I set out with the following morning having reached brand new levels of paranoia. The rustle of my hiking pants sent me into a stumbling panic. Every tiny lizard that darted in front of me heard some not nice things said about its mother and the occasional, unmistakable slither in the bushes signaled the start of my ascent onto Torre’s head. It wasn’t a terribly fun day for me or for Torre, especially when we did see a snake.
I know this is the moment where I tell you all about the snake—what color, how long—but I can’t. The truth is the second after I saw it I started Disney-fying it as a defense mechanism so that when I try to remember it now, the snake is bright blue, smiling and batting its long lashes as it dances next to Mougli from the Jungle Book. All I can tell you is that it moved really, really fast as it heard us approaching just a few feet away and that for a moment all of my love, my intellect, my hope and my sense of reality were pushed out and all that was left was terror. And then it was over and as I held back some tears, we had no choice but to keep walking.
I know you’re probably thinking that the rest of this post will be about how overcoming fear is one of the reasons I travel, how seeing a snake somehow changed something, somewhere, and something else about obstacles on the road of life but that is not the case.
Since I set out from Canterbury more than two months ago, I’ve been taken aback by how uncomfortable people (mostly other pilgrims) are with what I am doing. They watch me trip over my poles, or see me arriving just shy of sunset with no accommodation booked and their eyes climb up to where their eyebrows should be. I tell them I didn’t know how to pitch a tent before I started, that I’m married but traveling alone, that I am afraid of snakes and that I am not really the hiking type and the same people look like they are about to self-implode.
Who am I to go around the world when I already signed up for domestic living?
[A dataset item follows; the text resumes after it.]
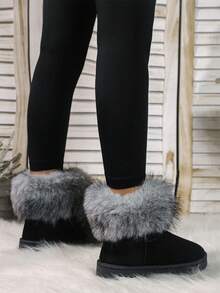 新款女士时尚休闲保暖防滑户外毛边雪地靴，冬季百搭黑色鞋 - 黑色 - 查看 7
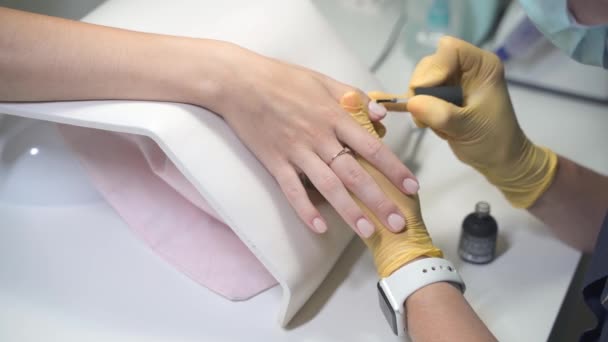 A manicure aplica uma camada delicada de cor para os clientes pregos preparados — Vídeo de Stock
How can I walk for three months without a guidebook? How in the world do I think I’m going to make it when I don’t even know how to start a fire/ kill a wild boar/ turn water into wine? How dare I worry my friends, my family or anyone else who doesn’t trust that I can do this? Where is my wilderness training? My years of trekking experience?
I love that I am hiking with a snake phobia. I love that I lose a hat once a week. I love that I found a partner who doesn’t make me choose between marital bliss and the bliss of leaving everything I know behind. I love that I am a city slicker with an atheist background walking through snake country on a religious pilgrimage. I am disorganized, I am carefree and I am scared of things that go bump in the night but my joy is not diminished by my perceived imperfections.There is nothing more exciting than showing up to my rendezvous with the world dressed as myself and I urge everyone to join me and revel in their own unique, messy way of doing things.
Since seeing that one live snake, I’ve seen quite a few dead ones—on the road and even one in someone’s garden that they’d just killed and then threw into the bushes like an old watering hose. The sheer number of them pressed into the pavement is a reminder that they are everywhere and it’s nice to know that I can rely on myself to freak out about each one of them and still make the last 400 kilometers to Rome.